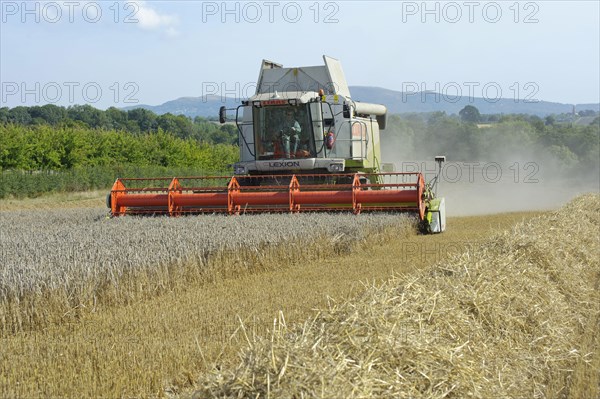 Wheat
...
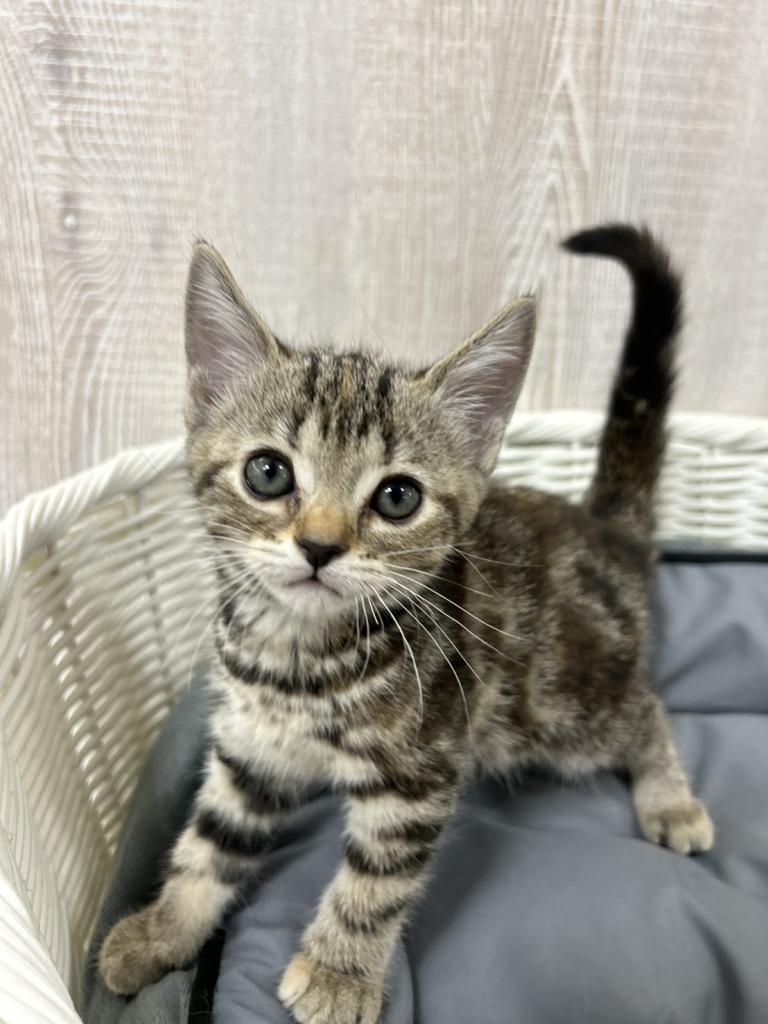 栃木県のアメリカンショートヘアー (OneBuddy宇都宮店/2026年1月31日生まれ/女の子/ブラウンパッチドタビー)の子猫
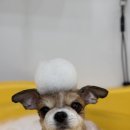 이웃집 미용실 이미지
--
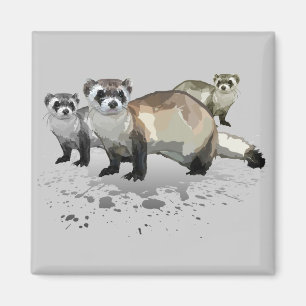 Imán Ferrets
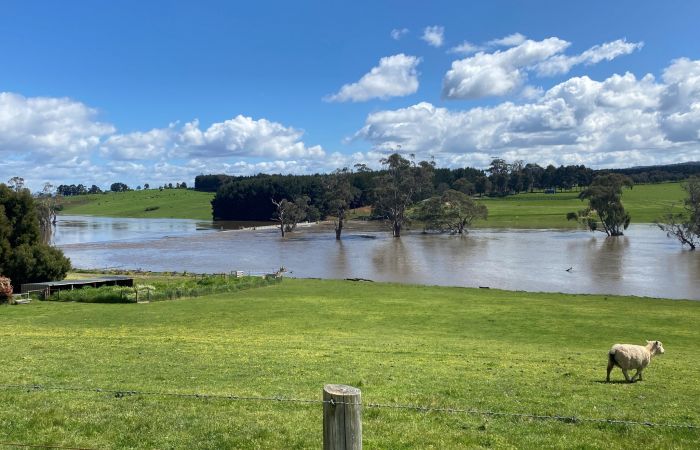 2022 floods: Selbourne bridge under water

■ **AIM OF THE EXERCISE**: In the records above, find the line with "Imán Ferrets" and the line with "2022 floods: Selbourne bridge under water". Write out exactly those lines and every one between, with no pictures and no other lines.

■ **RESPONSE**:
 Imán Ferrets
 2022 floods: Selbourne bridge under water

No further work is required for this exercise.